If you want to use this feature, you will first have to create this table in the
configured database:

CREATE TABLE hvlimits (
  dl_date	DATETIME, -- 'YYYY-MM-DD HH:MM:SS'
  prog		VARCHAR(30),
  remote_addr	VARCHAR(15), -- IPv4
  http_user_agent VARCHAR(255)
);


The columns use the same names as in the statistics table (see stats.txt), but
the purpose is different: With this feature enabled (i.e. $dlFileLimit > 0), a
new record will be inserted on each download request. After this, HistView
checks the table: If for the requesting IP and the requested program there are
already more than $dlFileLimit download attempts recorded within the last
$dlTimeLimit seconds, the download will be refused, and $rejectmsg is instead
displayed to the downloader.


Example
-------

An example to visualize this. Imagine the following settings:
$dlFileLimit = 5;
$dlTimeLimit = 300;
Plus your program "myprog" available as RPM, DEB and TGZ. Now some user tries
to download all 3 types of the latest version, each one time. And let's assume
these downloads are finished in less than 300s. So at the end, there are 3
entries for him in our table for "myprog" (since we cound all 3 requests
belonging to the same file). The user succeeded with all 3 downloads.

Now he decides to download the previous version as well - and will succeed for
the next 2 requests. On the 3rd, the following would happen (assumed we are
still in the 300s frame):
- a new entry would be made into our table
- the check finds 6 entries for this IP and prog within the last 300s
- 6 > 5, i.e. our configured limit has been exceeded
- this download will be cancelled

If he now tries again and again, he will still be rejected - until pausing for
300s (our configured window). After that, he may try again and succeed.

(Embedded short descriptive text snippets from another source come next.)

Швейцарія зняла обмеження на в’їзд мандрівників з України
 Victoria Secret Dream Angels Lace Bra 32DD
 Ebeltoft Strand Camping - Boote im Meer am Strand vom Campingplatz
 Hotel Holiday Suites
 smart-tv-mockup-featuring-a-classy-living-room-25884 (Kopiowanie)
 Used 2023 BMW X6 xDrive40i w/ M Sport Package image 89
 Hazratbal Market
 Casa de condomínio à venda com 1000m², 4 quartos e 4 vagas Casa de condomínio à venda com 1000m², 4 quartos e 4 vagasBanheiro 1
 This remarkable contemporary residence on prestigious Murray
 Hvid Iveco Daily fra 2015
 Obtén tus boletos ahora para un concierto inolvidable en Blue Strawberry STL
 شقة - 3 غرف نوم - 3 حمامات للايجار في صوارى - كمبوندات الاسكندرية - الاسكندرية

Conclusion: Scripted mass downloads would have trouble, and stop after reaching
our limit - which is exactly what we wanted. If we find the window to small,
we can increase $dlTimeLimit accordingly.


Database cleaning
-----------------

Since the data in our table is of no use once it is older than $interval
seconds, HistView will automatically purge older values if you set $dlLimitAutopurge
to TRUE (recommended setting). Of course this requires some privileges on the
table used - with the example configuration, this would be:

GRANT DELETE ON hvlimits TO guest@localhost IDENTIFIED BY 'guest';

You may wish to temporarily set $dlLimitAutopurge to FALSE in order to check for
abusing IPs (and agents). But to protect the privacy of your users, you shouldn't
do this longer than necessary or set up other purge jobs to be run after you
evaluated what you needed to.

If for some other reasons you cannot use the AutoPurge functionality (e.g. you
have security concerns giving the web process the DELETE permission), you may
want to setup a cron task (or run a manual purge). The statement you would need
for this probably looks like this:

DELETE FROM hvlimits WHERE dl_date < SYSDATE() - INTERVAL 300 SECOND;

Where you may want to replace the "300" by the age of the oldest entry you wish
to keep in the table.